With one year left before the close of the EU settlement scheme on 30 June 2021, this report looks at what the UK government needs to do to make sure no eligible child living in the UK is left without status.
Coram Children’s Legal Centres new report Children left out? Securing children’s rights to stay in the UK beyond Brexit draws from the lessons and experiences of CCLC’s advice and casework on the EU settlement scheme, through which we have supported hundreds of children and young people since the scheme was piloted in November 2018. The cases we have supported are unusually complex, and as such, they provide insight into the glitches in the scheme, its blind spots and its blurred edges.
These complex cases also foretell the kinds of applications which are likely to be still unresolved towards the end of the scheme when simpler applications have been neatly dealt with, as well as those that will still be yet to be made after the deadline because they have fallen through the cracks.
With more than 900,000 eligible EEA citizen children thought to have been living in the UK in 2017, only 412,820 children had been granted status under settlement scheme by 31 March 2020. Of these, there are an estimated 9000 children and young people in the care system who were eligible, but UK local authorities – with a duty of care to these vulnerable children – have secured status for fewer than 500 according to one estimate.
Many of these children will be British citizens, either automatically by birth or through registration.
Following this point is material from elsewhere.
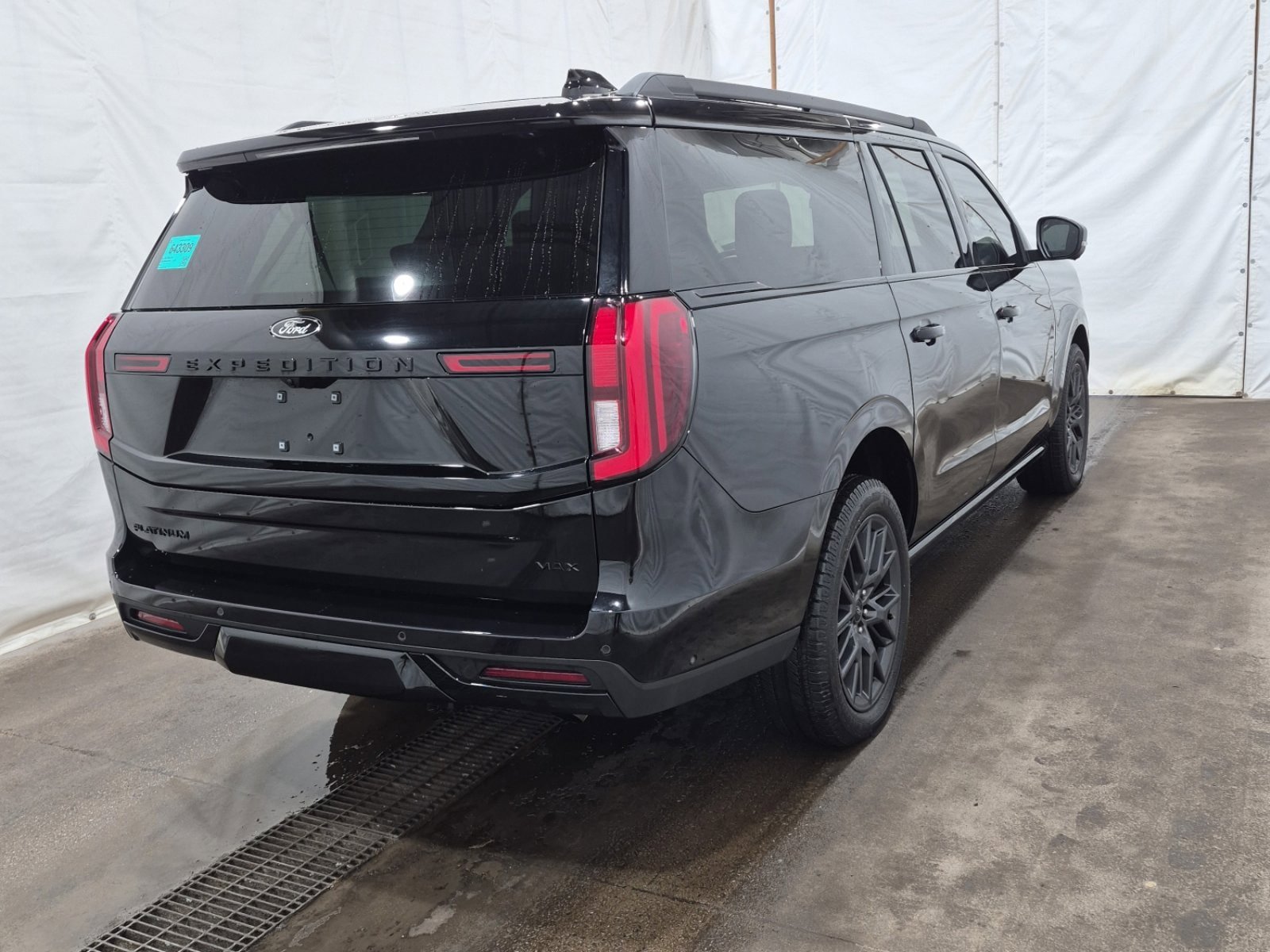 Used 2025 Ford Expedition Max Platinum w/ Stealth Appearance Package AWD/4WD image 2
However, as previously outlined by CCLC, many parents simply do not know whether or not their child is a British citizen or can apply to register as one, in large part due to the complexity of UK nationality law.
The consequences of children missing the deadline
And while the Government is focusing on the high numbers of applications to the settlement scheme overall, there is a real risk that it is not recognising the particular gap when it comes to children’s applications, says the report. If children do not get status, on 1 July next year they will become undocumented, living in the UK unlawfully and subject to hostile environment policies which restrict access to homes, healthcare, education, work, benefits, bank accounts and driving licences. They would be liable to be removed from the UK, even if this is where they grew up.
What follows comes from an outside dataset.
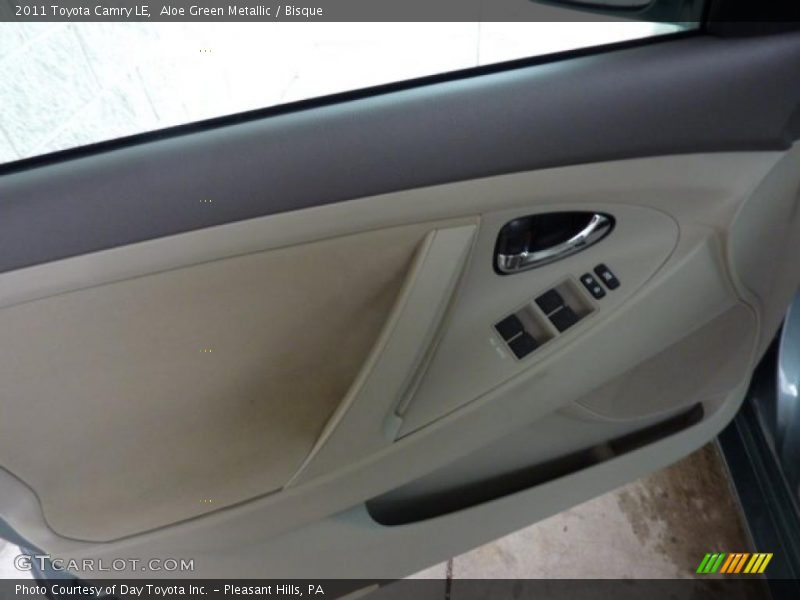 Aloe Green Metallic / Bisque 2011 Toyota Camry LE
Children left out? makes a number of key recommendations for the Home Office, local authorities and wider government.
- Scrapping the prohibitively expensive £1012 citizenship fee currently charged to children, which prevents many children from accessing their rights.
- Many children and young people in the care system who need to apply have yet to even be identified. The government must work with local authorities and civil society to make and resource a comprehensive plan to find and support every single child and young person as a matter of urgency.
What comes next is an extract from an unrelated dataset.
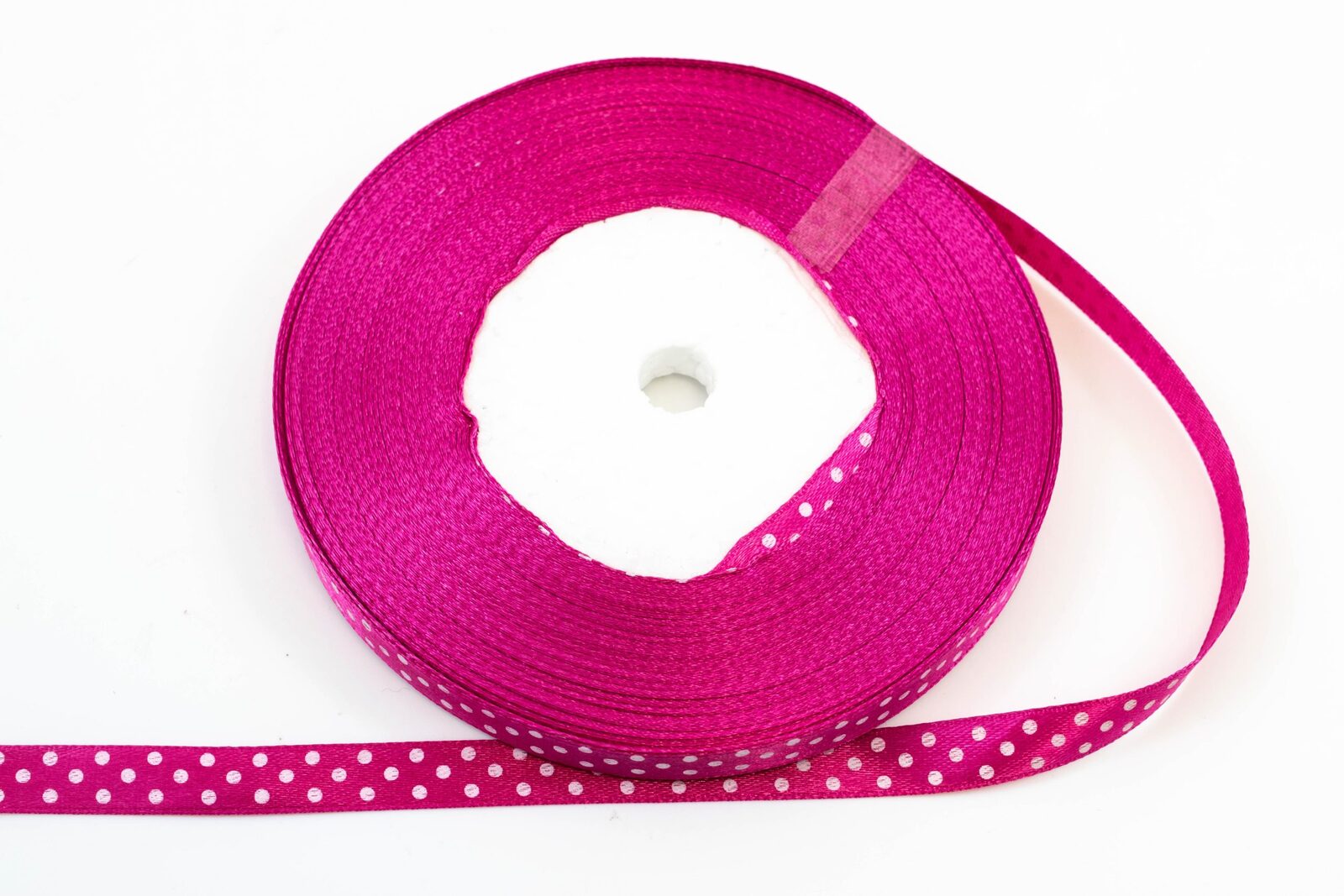 panglica-satin-cu-buline-1cm45m-fuxia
- In fifteen months just over 400,000 children have applied to the EU settlement scheme, but a great many complex cases remain. The remaining children need more time: the deadline to the settlement scheme must be extended.
- If they do not apply in time, children and young people eligible under the EU settlement scheme must not be brought under existing long and expensive routes in the immigration system that are currently failing other children and young people, once the deadline has expired.
The report also makes recommendations for changes to the scheme that would help the children, young people and families who are currently struggling. This includes care leavers, children and young adults in custody, children and other family members from outside the EEA, and children in single-parent families.